WORK TASK:
Could you copy the records below exactly, leaving out any pictures?

RECORDS PROVIDED:
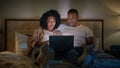 Addicted computer internet couple happy family girlfriend and boyfriend African American man and woman using laptop Royalty Free Stock Photo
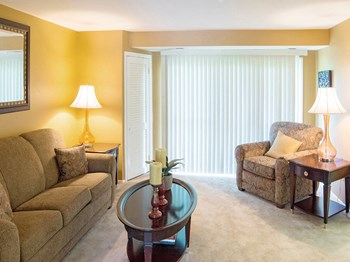 Security Park Apartments living room with balcony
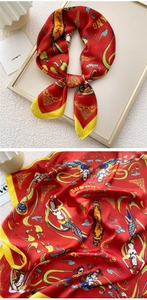 Detail of Dunhuang flying apsaras printed silk scarf featuring red and yellow contrast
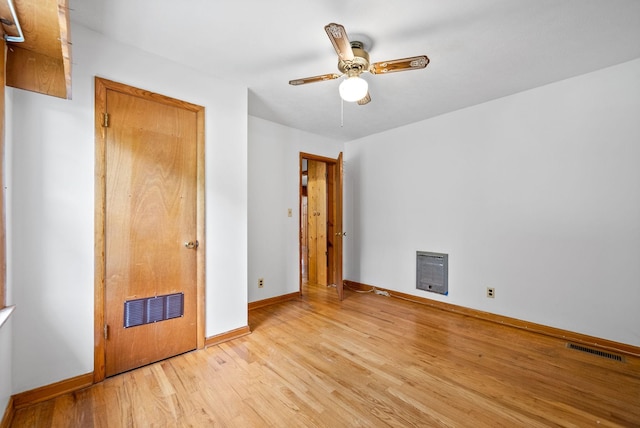 unfurnished bedroom with heating unit, light wood-type flooring, baseboards, and a ceiling fan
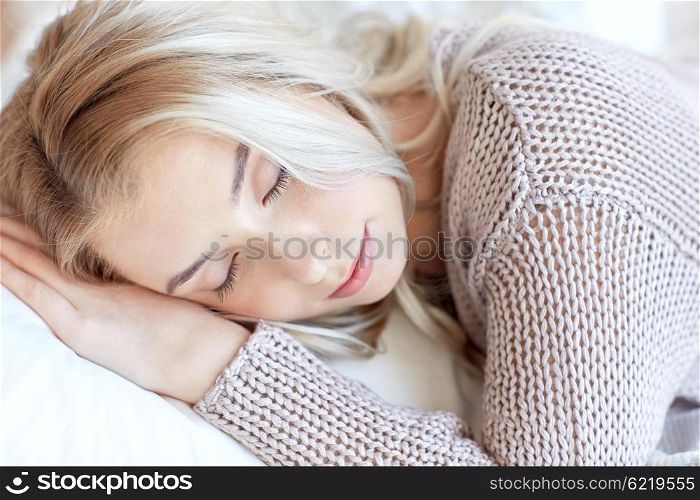 rest, relax, dream and people concept - young woman or teenage girl sleeping on pillow at home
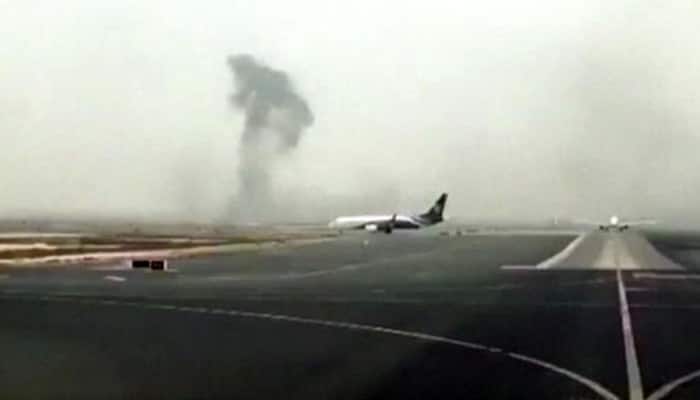 Emirates plane with 300 people on board crash-lands in Dubai, firefighter killed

EXERCISE OUTPUT:
 Addicted computer internet couple happy family girlfriend and boyfriend African American man and woman using laptop Royalty Free Stock Photo
 Security Park Apartments living room with balcony
 Detail of Dunhuang flying apsaras printed silk scarf featuring red and yellow contrast
 unfurnished bedroom with heating unit, light wood-type flooring, baseboards, and a ceiling fan
 rest, relax, dream and people concept - young woman or teenage girl sleeping on pillow at home
 Emirates plane with 300 people on board crash-lands in Dubai, firefighter killed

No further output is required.